The funding is coming from the AgriCompetitiveness program under the Growing Forward 2 framework, which expires in March 2018.

“We are absolutely delighted with this new partnership with Agriculture and Agri-Food Canada through Growing Forward 2, to champion agriculture education across the nation. AITC-C’s inquiry-based, curriculum -linked resources and initiatives, delivered through its provincial member organizations, will affect real advancement in the sharing of Canada’s agriculture and food story,” said Christa Wright, chair of Agriculture in the Classroom Canada and coordinator of AITC for Newfoundland and Labrador. “This funding will assist AITC-C to capitalize on Canadians’ interest in how their food is produced, by providing accurate, balanced and current teaching tools on our agri-food system.”

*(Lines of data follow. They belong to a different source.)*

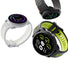 Montre GPS 222 iGPSPORT VeRUN multicolore avec affichage digital pour suivi complet des performances sportives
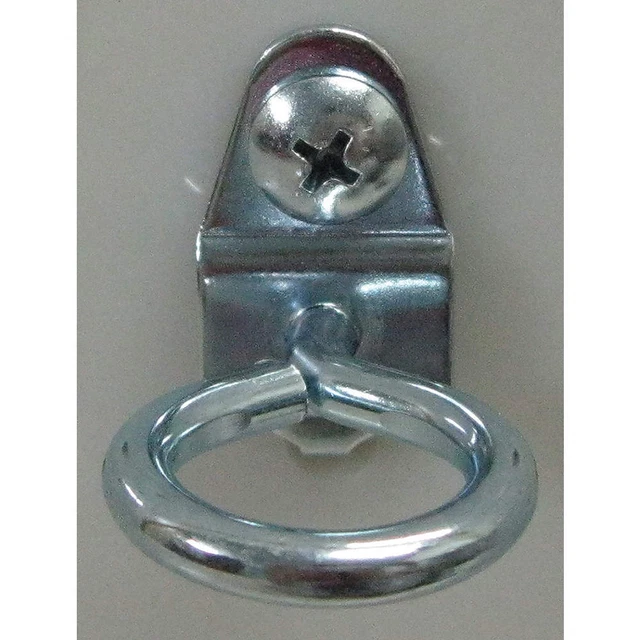 GRAINGER APPROVED 5TPE5 Single Ring Tool Holder,1 1/2 in L,PK10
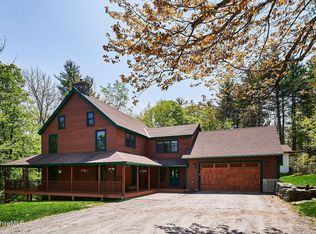 127 Mount Rd, Cummington, MA 01026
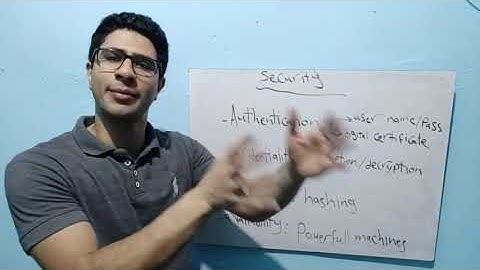 يعني ايه encryption, hashing (29)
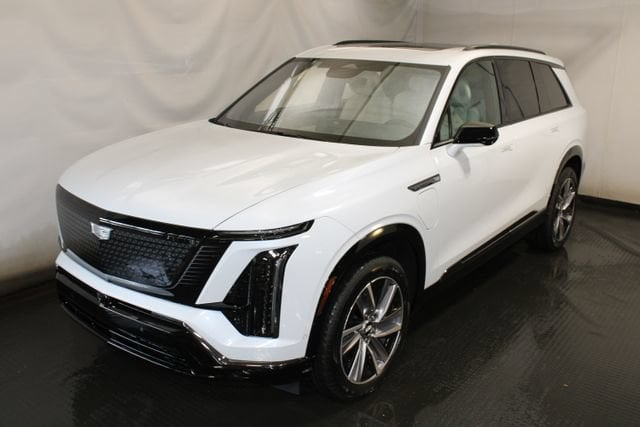 2027 Cadillac VISTIQ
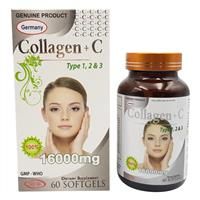 Collagen+ C 16,000mg X60 Softgels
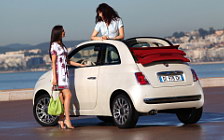 Fiat 500C 2009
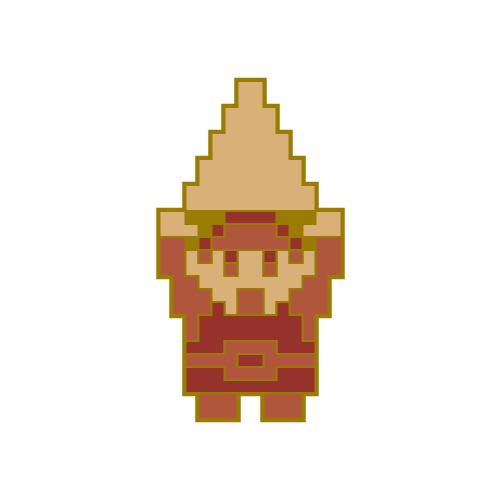Link Triforce
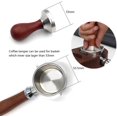 thumbnail image 5 of Apisonador de café de 53 mm, apisonador manual para café expreso de 53 mm, apisonador de café expreso de acero inoxidable 304 de 53 mm, 5 of 5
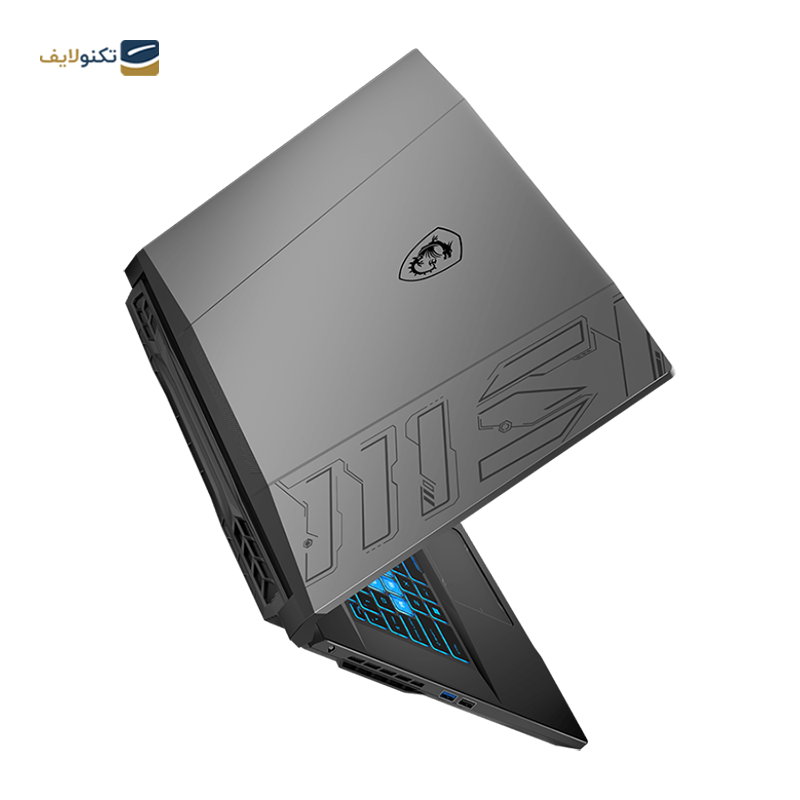لپ تاپ ام اس آی 17.3 اینچی مدل Pulse 17 i۹ 13900H 32GB 1TB RTX۴۰7۰ - MSI PULSE 17 B13VGK i۹ 13900H 32GB RAM 1TB SSD RTX۴۰7۰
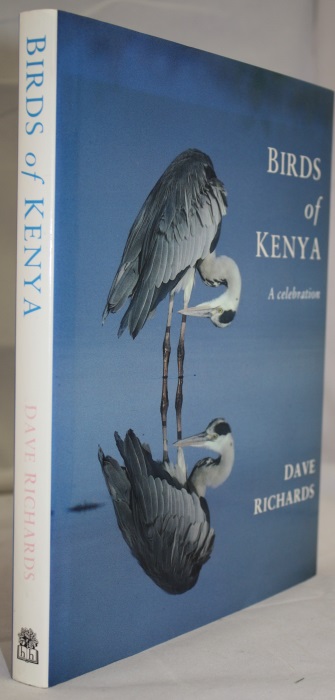 Richards, D. - Birds of Kenya: A Celebration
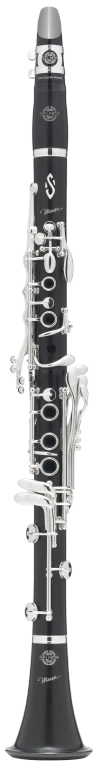 B16MUSE Henri Selmer Paris Clarinet Bb FrVrFS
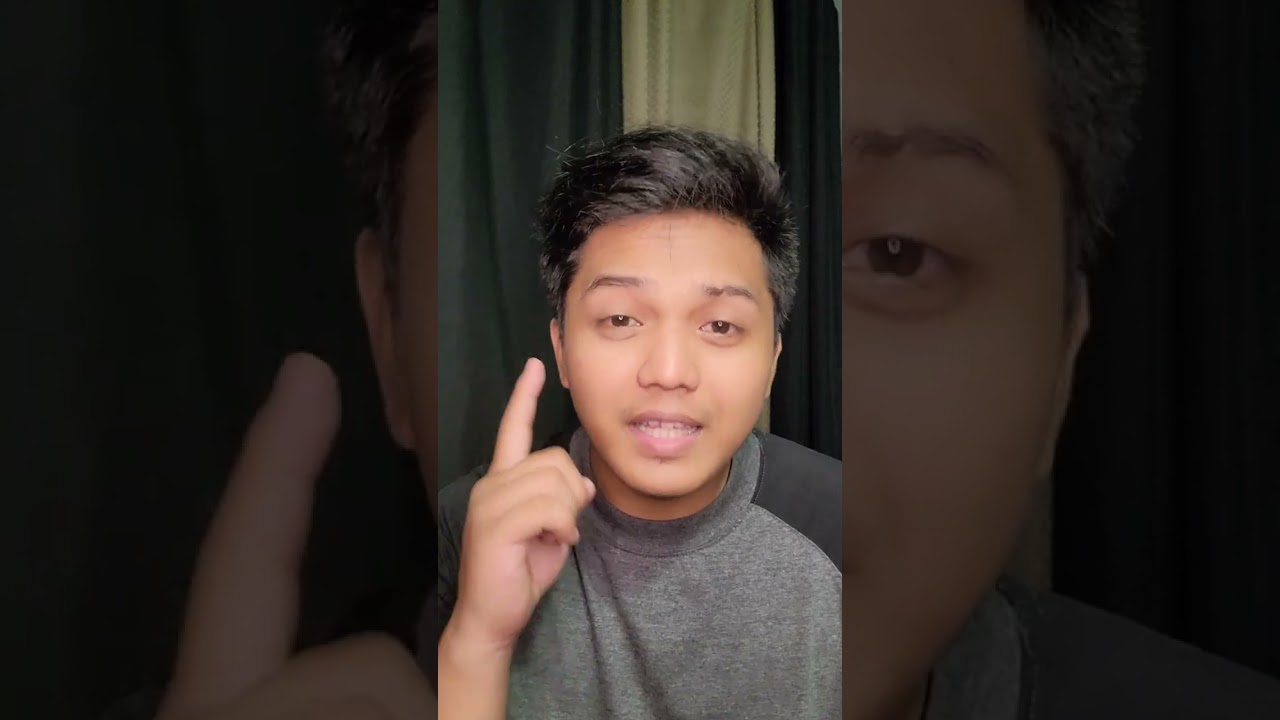 Bakit hindi ako nag Sa-Sign of the Cross?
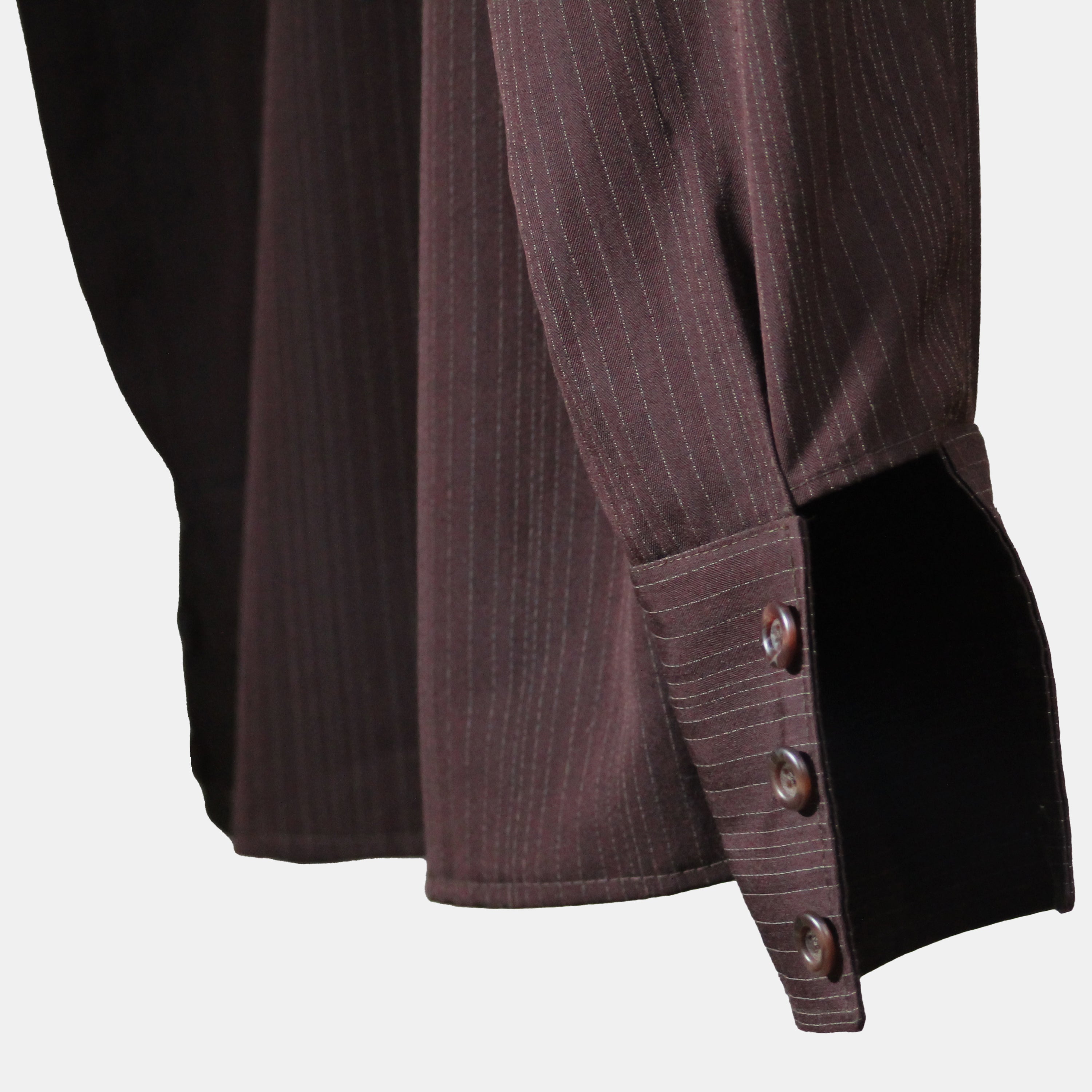 Camisa de rayas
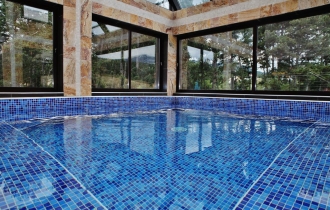 HOTEL INFINITY & SPA PARK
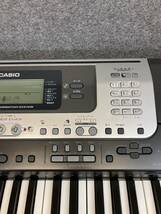 CASIO 　キーボード 　LK-301BB_画像4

While provincial Ag in the Classroom organizations have been up and running for many years, the national, not-for-profit umbrella organization was formed in 2015, coordinating ag literacy programming in schools across the country.

As AITC-C executive director Johanne Ross explains in the interview below, they have some ambitious plans for this funding over the next year, including the following projects:

  • a national career initiative to introduce middle and high school students to career opportunities in agriculture, which will be led by Becky Parker;
  • an online searchable tool for teachers to find curriculum-linked material on agriculture and food;
  • Snap Ag — an online library of one-page information sheets for teachers on hot topics (eg. GMOs, biosecurity, antibiotics and livestock, etc);
  • a new storybook for Canadian Ag Literacy Week 2018;
  • a new resource for high school classrooms focusing on enquiry-based critical thinking around food choices and disseminating information about food;
  • bringing together provincial organizations and facilitate having Quebec join the national group (Quebec is currently the only province not represented); and
  • new website and social media communications to increase the profile of AITC-C.

Discussions surrounding the next federal/provincial ag policy framework, slated to replace Growing Forward 2 in April 2018, have included an emphasis on social license and building public trust. Ross says they’re confident Ag in Classroom will meet the criteria for further funding after this one-year commitment.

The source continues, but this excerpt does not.